Study Probes Lung Cancer Genetics
A gene that play a critical role in the spread of lung cancer, as well as genetic abnormalities associated with the disease, have been identified by researchers involved in a worldwide, multicenter DNA study. These findings about the biological basis of lung cancer may help lead to the development of new treatments, Agence France-Presse reported.
"This view of the lung cancer genome is unprecedented, both in its breadth and depth. It lays an essential foundation, and has already pinpointed an important gene that controls the growth of lung cells," said research leader Matthew Meyerson of Harvard University and the Massachusetts Institute of Technology.
The team concentrated its efforts on lung adenocarcinoma, which accounts for just under a third of all lung cancer cases.
Meyerson and his colleagues identified 57 genomic changes commonly found in lung cancer patients and, of those changes, 40 are associated with genes not previously known to be involved with lung adenocarcinoma, AFP reported.
The study is published in the journal Nature.
Mice With 2 Epilepsy Genes Have Fewer Seizures
Having two epilepsy-related genes may actually reduce the likelihood of suffering seizures, according to research in mice conducted by researchers at Baylor College of Medicine in the United States.
They focused on defects in two genes: the Kcna1 gene, involved in the transport of potassium in and out of cells; and the Cacna1a gene, which plays a role in calcium levels, BBC News reported.
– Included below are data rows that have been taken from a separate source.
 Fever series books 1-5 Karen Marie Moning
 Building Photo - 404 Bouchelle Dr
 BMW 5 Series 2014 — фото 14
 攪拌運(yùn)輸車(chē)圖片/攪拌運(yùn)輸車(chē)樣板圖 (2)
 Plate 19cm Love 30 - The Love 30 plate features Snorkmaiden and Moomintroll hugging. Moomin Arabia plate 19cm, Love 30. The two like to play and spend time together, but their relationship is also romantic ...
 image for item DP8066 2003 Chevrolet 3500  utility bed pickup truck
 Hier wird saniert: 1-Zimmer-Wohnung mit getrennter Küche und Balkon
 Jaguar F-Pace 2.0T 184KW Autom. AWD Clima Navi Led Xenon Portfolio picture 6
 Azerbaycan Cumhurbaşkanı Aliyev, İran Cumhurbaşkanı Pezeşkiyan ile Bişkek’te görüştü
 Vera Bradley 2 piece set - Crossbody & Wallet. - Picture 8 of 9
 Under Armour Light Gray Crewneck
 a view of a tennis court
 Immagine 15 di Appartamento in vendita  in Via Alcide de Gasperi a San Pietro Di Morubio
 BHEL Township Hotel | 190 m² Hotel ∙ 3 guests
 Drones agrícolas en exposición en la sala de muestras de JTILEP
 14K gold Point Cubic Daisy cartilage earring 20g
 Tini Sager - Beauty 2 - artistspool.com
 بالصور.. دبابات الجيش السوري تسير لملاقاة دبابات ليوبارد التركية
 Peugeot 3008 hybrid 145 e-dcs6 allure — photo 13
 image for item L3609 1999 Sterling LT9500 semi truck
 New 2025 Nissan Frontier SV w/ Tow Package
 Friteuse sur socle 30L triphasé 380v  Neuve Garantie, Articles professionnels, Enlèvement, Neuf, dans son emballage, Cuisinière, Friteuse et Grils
The defect in the Kcna1 gene has been linked to severe seizures in "temporal lobe" epilepsy. Mice with this defect are at risk of sudden death. The defect in the Cacna1a gene in linked with "absence" epilepsy, where patients stare into space.
The researchers were surprised to find that mice bred with both gene defects did not experience a worsening of symptoms, but actually had far fewer seizures and did not die suddenly, BBC News reported.
The finding, published in the journal Nature Neuroscience, could lead to new ways of treating certain types of epilepsy, the researchers said.